14ymedio, Havana, 13 December 2021 — There will be changes to correct the deficiencies of the failed Tarea Ordenamiento (Ordering Task), which was planned for more than ten years and whose execution even the Cuban authorities themselves consider catastrophic.
In his 2021 accountability report, presented this weekend, Prime Minister Manuel Marrero admits that “the objective of this macroeconomic plan projected by Marino Murillo has not been fully achieved” and that, therefore, it will be “necessary to rectify it and adopt new decisions on various elements of its initial design.”
Marrero did not give any clue about what the changes will be, but he did say that they will be imminent, since there is already a schedule with 33 activities that must be completed between November and February 2022, so, if true and being met, some are already be underway without the population being aware of it.
The report describes that the objectives of the Ordering Task were to give the Cuban peso “the role that corresponds to it as the center of the financial system” by eliminating the dual currency, transforming the income of the population and gradually eliminating excessive subsidies and freebies. However these objectives have not been met.
The prime minister believes that the main problems detected are “the establishment of excessive prices by economic actors; lack of correspondence between these and the quality levels of products or services; insufficiencies in the state business system and other forms of production that have been present since the previous scenario and tendencies to raise prices to alleviate them; as well as dissatisfaction with the new salaries or income and the modifications in the forms of payment.” In other words, inflation has run out of control, shortages are increasing, the salaries and pensions are not enough to live on, and the living conditions of Cubans have visibly worsened.
This year, according to Marrero, the forecast is that the Gross Domestic Product would grow by around 2%, something logical after the great fall of almost 10% in 2020. Thus, Cuba is very far from the 6% it had forecast in May, but it is also likely to fall short of the 2.2% calculated in October. By 2022 GDP is expected to grow by 4%, something that, according to experts cited by Reuters, implies that the shortages of critical goods and the continuous difficulties in paying creditors will continue.
The report attributes the bad economic data, as usual in recent times, to the effects of the pandemic, and the “intensification of the blockade,” (as the government calls the U.S.embargo), in addition to an increase in import prices, and freight and logistics problems that are affecting distribution around the world. However, it does not assume any error of its own or of the Government and, when it refers to problems of corruption, it always attributes them to isolated cases “due to the lack of administrative control, the limited combativeness in the community and the renunciation or lack of moral values and ethics in some managers and officials,” without considering that it could be something systemic.
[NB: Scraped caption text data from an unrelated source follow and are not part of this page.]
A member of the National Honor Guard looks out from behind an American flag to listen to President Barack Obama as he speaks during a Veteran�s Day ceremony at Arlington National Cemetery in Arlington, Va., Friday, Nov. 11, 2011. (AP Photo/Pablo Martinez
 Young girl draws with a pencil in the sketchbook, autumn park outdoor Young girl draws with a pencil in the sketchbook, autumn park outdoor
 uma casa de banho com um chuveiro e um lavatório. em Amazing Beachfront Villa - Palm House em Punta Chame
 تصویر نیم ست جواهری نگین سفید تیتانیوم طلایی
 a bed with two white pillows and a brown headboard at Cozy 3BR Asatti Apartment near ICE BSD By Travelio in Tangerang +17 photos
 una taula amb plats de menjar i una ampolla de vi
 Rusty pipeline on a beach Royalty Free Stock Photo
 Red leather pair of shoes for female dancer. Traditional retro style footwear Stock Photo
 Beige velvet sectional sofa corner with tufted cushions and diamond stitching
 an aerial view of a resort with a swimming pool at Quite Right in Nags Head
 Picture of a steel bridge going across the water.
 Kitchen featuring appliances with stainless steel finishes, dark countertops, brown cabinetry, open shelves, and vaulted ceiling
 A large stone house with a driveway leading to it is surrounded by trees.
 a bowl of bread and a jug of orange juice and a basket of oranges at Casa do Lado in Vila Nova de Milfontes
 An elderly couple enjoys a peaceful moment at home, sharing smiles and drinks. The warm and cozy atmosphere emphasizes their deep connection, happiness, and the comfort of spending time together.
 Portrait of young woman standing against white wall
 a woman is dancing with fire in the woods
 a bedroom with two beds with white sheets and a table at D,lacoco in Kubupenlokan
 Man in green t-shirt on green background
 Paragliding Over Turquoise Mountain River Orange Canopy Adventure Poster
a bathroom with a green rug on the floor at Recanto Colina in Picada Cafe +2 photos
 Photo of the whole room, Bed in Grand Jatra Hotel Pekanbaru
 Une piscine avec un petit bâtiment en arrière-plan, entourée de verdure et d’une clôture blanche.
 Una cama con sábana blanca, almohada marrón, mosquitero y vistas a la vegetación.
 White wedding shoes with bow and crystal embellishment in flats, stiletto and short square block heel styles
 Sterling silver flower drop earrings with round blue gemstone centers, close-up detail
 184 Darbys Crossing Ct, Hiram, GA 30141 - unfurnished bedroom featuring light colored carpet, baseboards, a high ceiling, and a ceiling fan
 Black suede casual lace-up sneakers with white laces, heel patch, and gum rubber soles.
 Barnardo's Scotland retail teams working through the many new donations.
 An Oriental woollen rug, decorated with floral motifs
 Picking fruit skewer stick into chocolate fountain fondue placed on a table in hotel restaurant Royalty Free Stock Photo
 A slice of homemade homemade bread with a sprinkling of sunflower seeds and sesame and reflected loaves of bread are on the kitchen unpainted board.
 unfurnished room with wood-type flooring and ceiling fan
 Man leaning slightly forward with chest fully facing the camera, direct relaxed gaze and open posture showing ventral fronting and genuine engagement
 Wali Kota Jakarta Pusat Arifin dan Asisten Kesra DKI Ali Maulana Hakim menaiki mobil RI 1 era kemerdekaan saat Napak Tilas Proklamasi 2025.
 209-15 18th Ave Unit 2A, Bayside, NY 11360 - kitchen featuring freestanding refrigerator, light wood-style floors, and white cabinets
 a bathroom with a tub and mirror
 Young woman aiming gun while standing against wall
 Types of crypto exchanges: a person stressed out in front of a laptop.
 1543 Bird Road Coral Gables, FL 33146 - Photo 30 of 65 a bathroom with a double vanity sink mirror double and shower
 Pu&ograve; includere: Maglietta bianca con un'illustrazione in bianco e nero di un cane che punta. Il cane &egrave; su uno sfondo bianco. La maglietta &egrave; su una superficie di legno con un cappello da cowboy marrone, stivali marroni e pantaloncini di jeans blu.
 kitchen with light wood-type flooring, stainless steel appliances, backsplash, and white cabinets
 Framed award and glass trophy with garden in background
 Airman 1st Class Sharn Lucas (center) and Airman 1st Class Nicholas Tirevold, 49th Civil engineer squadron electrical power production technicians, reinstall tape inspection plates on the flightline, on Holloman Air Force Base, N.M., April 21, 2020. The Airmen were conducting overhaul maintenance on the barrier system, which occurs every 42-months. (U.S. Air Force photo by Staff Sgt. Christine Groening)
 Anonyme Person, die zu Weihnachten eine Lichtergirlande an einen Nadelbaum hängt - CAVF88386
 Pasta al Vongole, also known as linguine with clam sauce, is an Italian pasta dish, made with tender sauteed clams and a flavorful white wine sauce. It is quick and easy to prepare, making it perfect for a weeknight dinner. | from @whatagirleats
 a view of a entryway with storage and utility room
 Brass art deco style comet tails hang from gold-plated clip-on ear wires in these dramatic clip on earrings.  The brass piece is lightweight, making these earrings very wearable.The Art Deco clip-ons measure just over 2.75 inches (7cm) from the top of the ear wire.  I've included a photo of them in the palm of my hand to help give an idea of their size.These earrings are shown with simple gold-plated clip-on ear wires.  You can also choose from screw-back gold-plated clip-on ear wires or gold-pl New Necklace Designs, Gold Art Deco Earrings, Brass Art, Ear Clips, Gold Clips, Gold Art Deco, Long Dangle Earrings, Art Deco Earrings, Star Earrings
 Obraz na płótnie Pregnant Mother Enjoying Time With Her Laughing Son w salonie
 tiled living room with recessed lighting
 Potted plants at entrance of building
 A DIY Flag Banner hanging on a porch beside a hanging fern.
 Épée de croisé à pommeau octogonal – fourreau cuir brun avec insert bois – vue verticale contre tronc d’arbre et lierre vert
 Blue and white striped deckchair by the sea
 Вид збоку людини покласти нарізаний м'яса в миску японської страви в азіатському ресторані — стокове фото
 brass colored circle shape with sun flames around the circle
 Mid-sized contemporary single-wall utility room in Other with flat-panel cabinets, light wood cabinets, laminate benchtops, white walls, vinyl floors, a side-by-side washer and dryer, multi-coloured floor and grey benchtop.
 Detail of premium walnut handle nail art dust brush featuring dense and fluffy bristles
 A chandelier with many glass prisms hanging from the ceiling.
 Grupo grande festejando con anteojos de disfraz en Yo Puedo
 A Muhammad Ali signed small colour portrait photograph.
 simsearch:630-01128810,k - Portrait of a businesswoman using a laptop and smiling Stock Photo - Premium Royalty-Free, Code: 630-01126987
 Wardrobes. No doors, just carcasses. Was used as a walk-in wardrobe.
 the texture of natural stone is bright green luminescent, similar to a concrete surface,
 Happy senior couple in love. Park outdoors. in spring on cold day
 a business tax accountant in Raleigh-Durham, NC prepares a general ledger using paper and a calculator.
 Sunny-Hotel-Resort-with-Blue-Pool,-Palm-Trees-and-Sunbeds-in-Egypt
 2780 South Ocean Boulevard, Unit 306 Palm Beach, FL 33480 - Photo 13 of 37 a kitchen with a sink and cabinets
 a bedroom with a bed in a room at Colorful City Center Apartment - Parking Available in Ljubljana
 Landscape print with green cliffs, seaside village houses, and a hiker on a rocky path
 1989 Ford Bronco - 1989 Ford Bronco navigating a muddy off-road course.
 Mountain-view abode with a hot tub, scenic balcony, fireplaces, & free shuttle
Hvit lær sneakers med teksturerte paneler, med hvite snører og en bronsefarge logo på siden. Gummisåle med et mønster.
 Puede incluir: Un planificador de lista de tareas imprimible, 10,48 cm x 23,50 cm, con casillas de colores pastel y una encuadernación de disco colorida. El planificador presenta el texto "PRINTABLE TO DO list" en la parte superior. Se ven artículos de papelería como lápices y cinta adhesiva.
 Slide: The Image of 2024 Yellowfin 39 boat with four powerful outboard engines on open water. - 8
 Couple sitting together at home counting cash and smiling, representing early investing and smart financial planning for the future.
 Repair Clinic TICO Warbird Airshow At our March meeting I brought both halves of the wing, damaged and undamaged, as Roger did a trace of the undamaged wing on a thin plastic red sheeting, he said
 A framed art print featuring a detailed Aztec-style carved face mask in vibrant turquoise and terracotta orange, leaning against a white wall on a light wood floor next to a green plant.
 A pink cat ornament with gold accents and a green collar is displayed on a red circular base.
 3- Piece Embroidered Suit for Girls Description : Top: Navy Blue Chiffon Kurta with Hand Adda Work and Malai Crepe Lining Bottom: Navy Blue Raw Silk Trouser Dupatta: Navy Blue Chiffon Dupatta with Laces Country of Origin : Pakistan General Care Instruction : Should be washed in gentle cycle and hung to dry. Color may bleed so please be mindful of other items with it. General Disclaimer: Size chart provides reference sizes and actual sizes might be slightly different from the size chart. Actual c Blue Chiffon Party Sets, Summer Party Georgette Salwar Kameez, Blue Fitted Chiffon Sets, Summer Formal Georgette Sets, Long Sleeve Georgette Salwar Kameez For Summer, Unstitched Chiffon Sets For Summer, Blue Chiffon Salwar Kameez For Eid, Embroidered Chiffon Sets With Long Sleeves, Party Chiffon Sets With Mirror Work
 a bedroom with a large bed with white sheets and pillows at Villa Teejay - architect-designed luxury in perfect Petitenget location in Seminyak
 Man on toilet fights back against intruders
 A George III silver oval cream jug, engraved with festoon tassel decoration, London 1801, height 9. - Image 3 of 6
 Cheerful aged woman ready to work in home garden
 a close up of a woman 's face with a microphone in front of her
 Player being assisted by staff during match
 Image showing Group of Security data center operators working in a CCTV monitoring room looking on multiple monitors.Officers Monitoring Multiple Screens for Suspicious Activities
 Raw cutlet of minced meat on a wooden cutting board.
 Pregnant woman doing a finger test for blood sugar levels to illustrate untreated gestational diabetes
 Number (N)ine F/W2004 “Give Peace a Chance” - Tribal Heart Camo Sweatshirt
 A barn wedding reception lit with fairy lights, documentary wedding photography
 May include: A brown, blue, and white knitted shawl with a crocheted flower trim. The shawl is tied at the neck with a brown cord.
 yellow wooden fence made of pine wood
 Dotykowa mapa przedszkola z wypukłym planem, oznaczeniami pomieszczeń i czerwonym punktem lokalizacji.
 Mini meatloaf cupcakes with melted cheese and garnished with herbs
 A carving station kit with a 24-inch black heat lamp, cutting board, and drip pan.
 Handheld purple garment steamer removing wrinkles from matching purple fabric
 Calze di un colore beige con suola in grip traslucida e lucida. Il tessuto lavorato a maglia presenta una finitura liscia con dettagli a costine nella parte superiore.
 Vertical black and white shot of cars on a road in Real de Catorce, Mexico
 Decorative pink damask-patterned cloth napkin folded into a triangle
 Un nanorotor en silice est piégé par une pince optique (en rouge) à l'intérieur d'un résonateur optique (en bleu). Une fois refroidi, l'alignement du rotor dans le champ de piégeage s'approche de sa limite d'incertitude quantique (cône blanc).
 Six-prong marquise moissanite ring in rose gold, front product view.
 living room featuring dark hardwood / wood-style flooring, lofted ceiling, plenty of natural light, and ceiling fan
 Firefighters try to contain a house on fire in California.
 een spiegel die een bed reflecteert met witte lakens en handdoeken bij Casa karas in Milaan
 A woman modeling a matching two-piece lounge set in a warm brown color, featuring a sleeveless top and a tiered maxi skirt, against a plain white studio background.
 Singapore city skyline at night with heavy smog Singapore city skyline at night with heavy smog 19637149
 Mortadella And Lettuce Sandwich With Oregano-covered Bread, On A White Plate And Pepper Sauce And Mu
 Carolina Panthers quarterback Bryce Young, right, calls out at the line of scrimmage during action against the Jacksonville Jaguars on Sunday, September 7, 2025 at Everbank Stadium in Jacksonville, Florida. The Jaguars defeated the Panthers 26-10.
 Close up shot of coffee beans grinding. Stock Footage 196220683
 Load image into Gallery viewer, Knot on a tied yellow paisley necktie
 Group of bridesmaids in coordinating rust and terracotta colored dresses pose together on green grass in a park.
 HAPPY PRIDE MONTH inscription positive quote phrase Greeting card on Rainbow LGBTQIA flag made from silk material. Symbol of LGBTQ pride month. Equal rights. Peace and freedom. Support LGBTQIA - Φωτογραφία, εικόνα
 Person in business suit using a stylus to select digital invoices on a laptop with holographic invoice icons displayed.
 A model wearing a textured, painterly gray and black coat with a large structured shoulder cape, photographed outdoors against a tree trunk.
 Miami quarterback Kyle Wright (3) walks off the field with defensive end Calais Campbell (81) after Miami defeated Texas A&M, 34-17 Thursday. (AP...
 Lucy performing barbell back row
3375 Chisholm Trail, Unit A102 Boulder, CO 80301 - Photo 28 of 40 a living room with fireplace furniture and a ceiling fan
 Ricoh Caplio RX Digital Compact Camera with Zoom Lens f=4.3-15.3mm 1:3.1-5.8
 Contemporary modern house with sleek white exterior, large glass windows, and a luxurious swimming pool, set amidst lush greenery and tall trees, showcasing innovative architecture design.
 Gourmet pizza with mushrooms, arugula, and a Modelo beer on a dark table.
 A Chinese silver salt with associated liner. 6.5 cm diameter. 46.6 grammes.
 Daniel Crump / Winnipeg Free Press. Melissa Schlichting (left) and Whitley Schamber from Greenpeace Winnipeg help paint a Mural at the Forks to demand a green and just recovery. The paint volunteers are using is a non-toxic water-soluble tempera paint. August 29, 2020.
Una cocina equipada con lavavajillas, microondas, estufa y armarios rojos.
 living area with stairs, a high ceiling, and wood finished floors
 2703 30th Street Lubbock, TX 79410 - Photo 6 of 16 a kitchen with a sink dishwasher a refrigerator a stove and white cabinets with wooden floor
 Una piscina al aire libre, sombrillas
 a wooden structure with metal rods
The report also mentions some notable problems of the year, among them the lack of medicines caused by the high investment that the expenses derived from the pandemic have entailed, among them the costs for the production of our own vaccines. All this despite the fact that Cuba has received large donations from countries such as Mexico, Bolivia, Nicaragua, France, Spain, Russia and China mainly, in addition to private donations from pro-government associations from all countries in the world, including the United States.
Marrero indicates in the document that 16 billion pesos were allocated to the fight against covid, 3.3 billion of them to the complete vaccination process and 400,000 more (indicative) for the next booster dose. “Consequently, the national drug program has been affected, and work is being done to reduce the lack of these and the low coverage of the basic framework,” he said.
Another of the great needs of Cubans, housing, also failed this year. According to the report, the Construction Plan had achieved barely 31% of its goals as of October. The prime minister also hints at the diversion of resources when he points out that, although it is absurd to deny the lack of steel or cement, there are other inputs that have not been well managed. “There are fewer homes built than resources delivered,” he highlights.
As for energy generation, which this year has once again suffered one of its worst moments, with scheduled blackouts since the summer that remain unsolved, Marrero admits that demand has not been met and that the population is upset. “In this sense, an availability recovery strategy is being executed, which will allow better service by having a greater reserve at the end of the year. The work continues on a sustained basis in the increase,” he promises. A broken promise for at least the entire second half of the year.
Finally, the text sets out the major objectives and plans for next year. Broadly defined, the five plans are to improve the economy and the role of the peso, stabilize the energy system, serve vulnerable groups, transform the state business system and decentralize powers.
However, for such large economic objectives, the Government has drawn up a list of 22 priorities, led by the country’s preparation for Defense and ideological political work and, although the third priority is to carry out measures to contain inflation — the method for which is unknown – the fourth point returns to the sphere of ideology and talks about preparation, training and work with cadres.
Among those priorities, the seventh is striking: radically transforming the business system, which may come to nothing or open the door to changes unknown at the moment. For the rest, measure 12, for example, “face the campaign of political-ideological subversion” indicates that not many things the prime minister aspires to change with the new year.